**SOURCE RECORDS**.
********
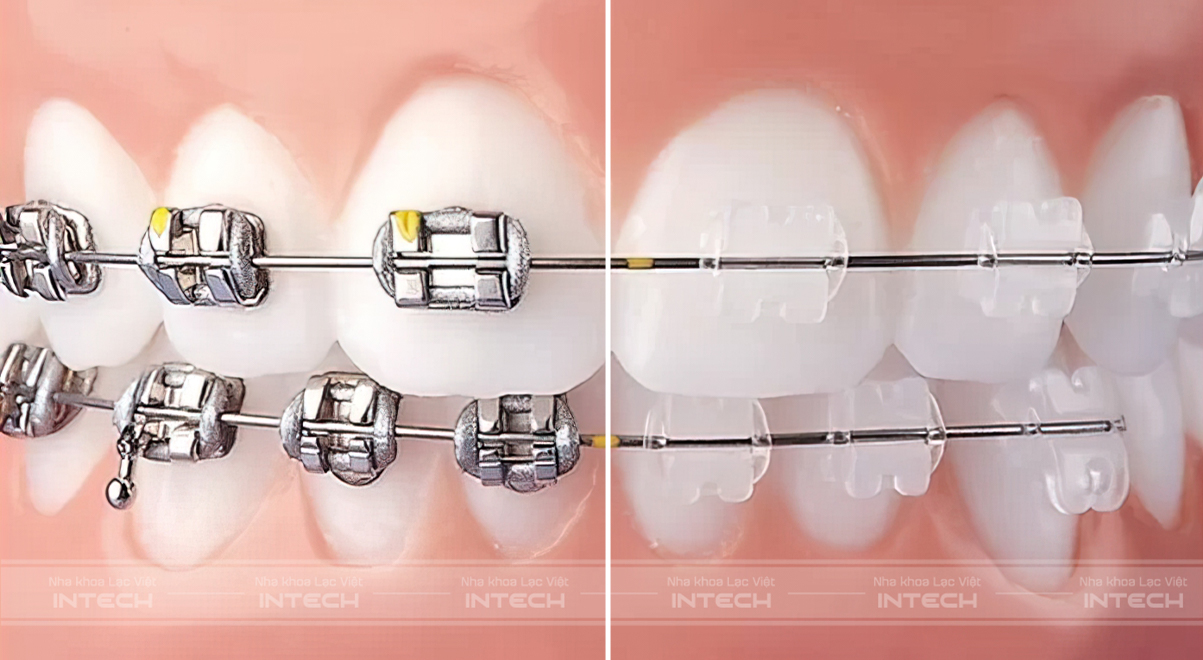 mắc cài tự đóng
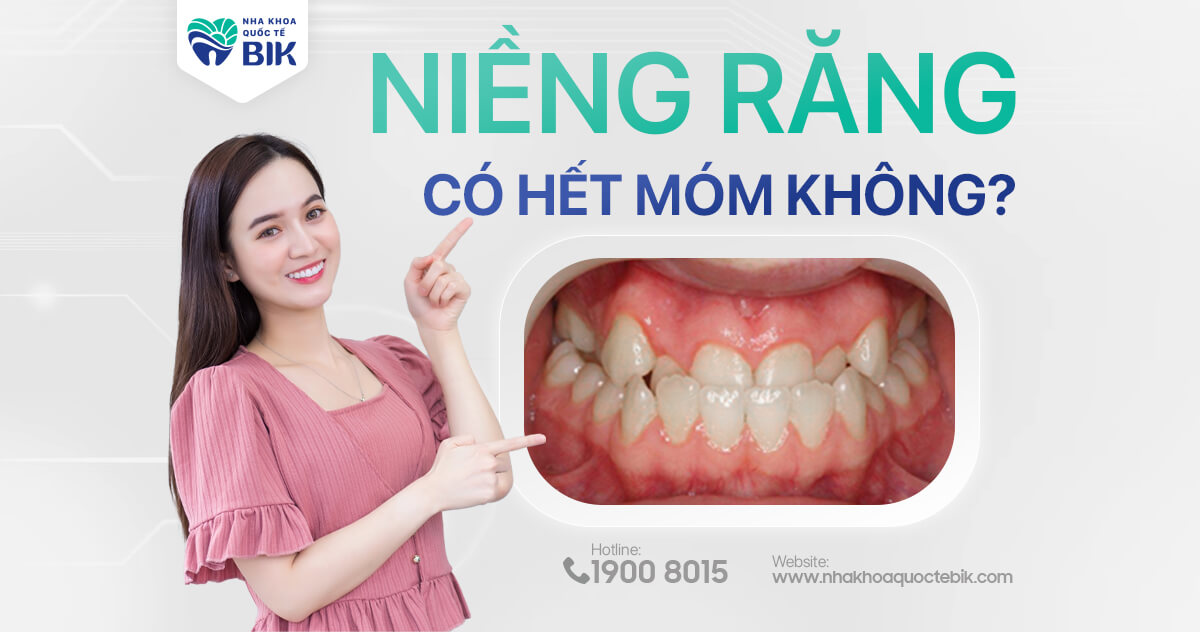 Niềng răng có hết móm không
********
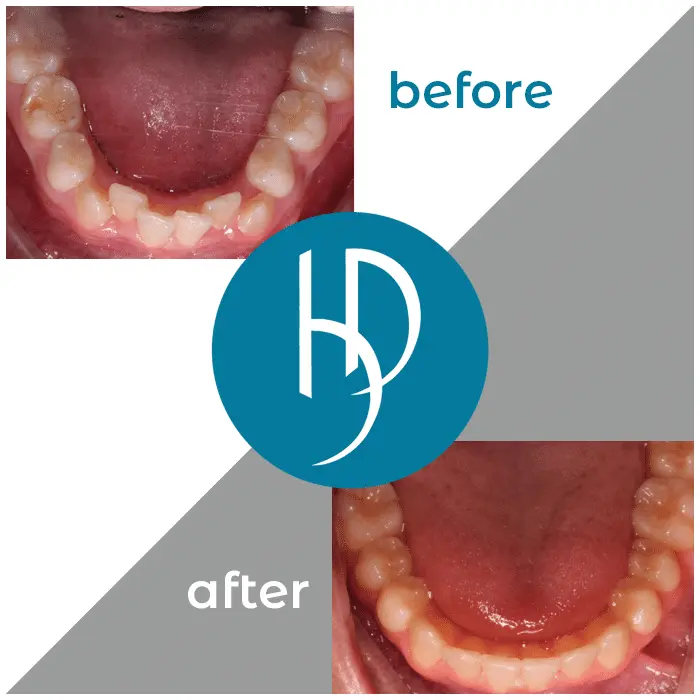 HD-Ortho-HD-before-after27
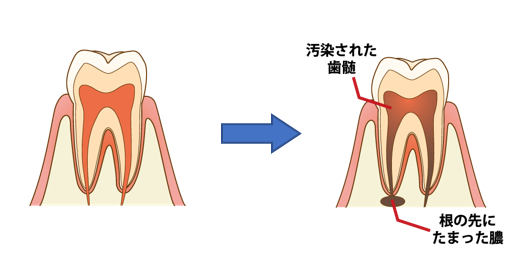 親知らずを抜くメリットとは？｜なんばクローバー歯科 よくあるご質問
********
**WHAT THIS TASK INVOLVES**.
What are the lines in the records above, word for word, from the one containing "HD-Ortho-HD-before-after27" through the one containing "親知らずを抜くメリットとは？｜なんばクローバー歯科 よくあるご質問", both ends included and pictures left out?

**EXPECTED OUTPUT**.
 HD-Ortho-HD-before-after27
 親知らずを抜くメリットとは？｜なんばクローバー歯科 よくあるご質問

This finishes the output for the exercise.